Tim Liputan Khusus Tribun Jateng menyoroti "kehidupan" narapindana selama berada di Lembaga Pemasyarakatan (Lapas) atau Rumah Tahanan (Rutan).
Banyak akomodasi yang mampu dengan mudah diperoleh oleh narapidana, asal ada uangnya. Iya, semua tergantung setoran kepada petugas. Hidup di Lapas mampu diatur layaknya orang menghirup udara bebas.
Berdasar legalisasi beberapa orangtua narapidana, ia harus mengeluarkan dana minimal Rp 1 juta per bulan supaya anaknya mampu hidup "tenang dan aman" dan berkecukupan selama mendekam di Lapas.
Perempuan berjilbab itu mengaku, selama setahun harus mengeluarkan biaya lebih dari Rp 12 juta untuk anaknya selama menjalani hidup di dalam penjara. Uang itu dipakai untuk keperluan "terselubung" misalnya Rp 250 ribu buat sewa kamar, Rp 50 ribu tarif listrik dan air, dan lain-lain. Belum lagi buat ninggali anaknya untuk beli kopi, mi instan, peralatan mandi, sewa tikar dan sebagainya.

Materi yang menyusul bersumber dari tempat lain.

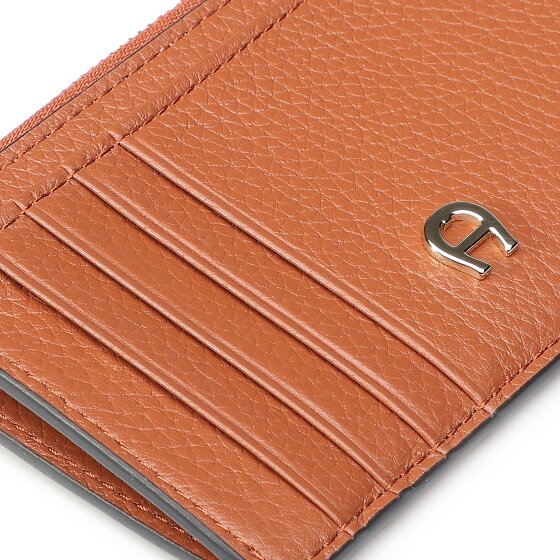 AIGNER Delia Etui na karty kredytowe Skórzany 12 cm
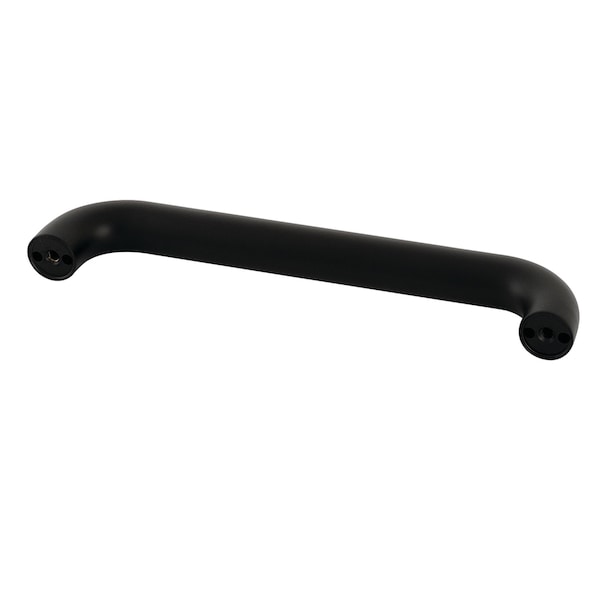 Traditional DRR214120 Manhattan 12" Grab Bar - Bar Only, Matte Black, 13-1/4" L, 17 ga. Solid Brass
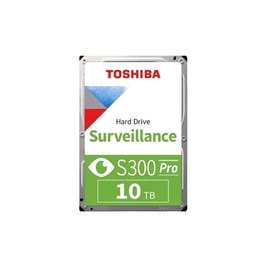 TOSHIBA S300 Pro 10TB 3.5" 7200RPM 256MB 7/24 MD10ADA10TV Güvenlik Diski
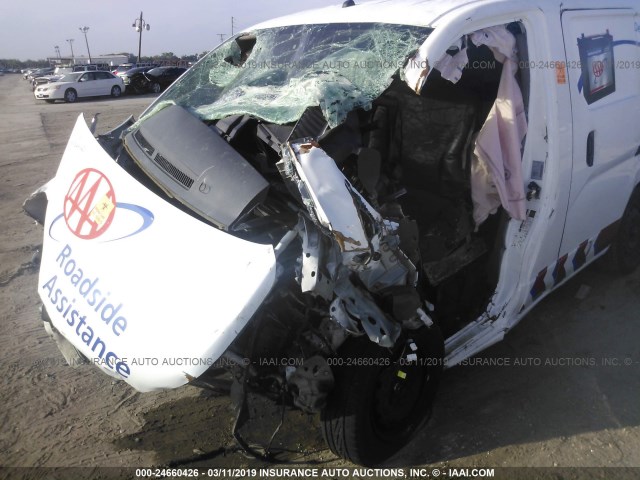 3N63M0YN7FK710481 - 2015 CHEVROLET CITY EXPRESS LS WHITE photo 6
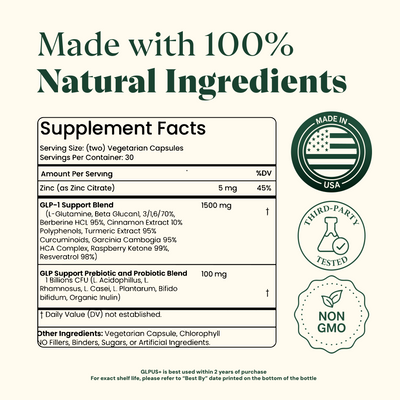 GLPLUS+ 10-in-1 Hunger & Metabolism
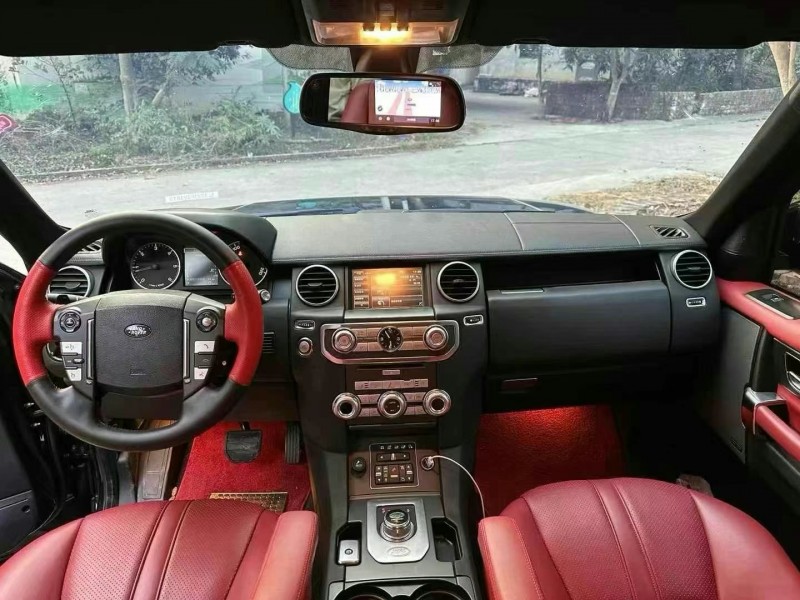 广州13年路虎发现7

Uang saku itu juga sebagian untuk jatah sipir. Ibu itu tiap mingug besuk anaknya harus siapkan dana minimal Rp 250 ribu. Belum lagi ada tarikan dana Rp 5 ribu per 10 menit jikalau ingin ngobrol dengan anaknya. Bagi kalangan pembesuk mirip dirinya memiliki istilah khusus untuk Lapas Kedungpane. Mereka biasa mengibaratkan lapas itu mirip rumah setan di pertunjukan pasar malam.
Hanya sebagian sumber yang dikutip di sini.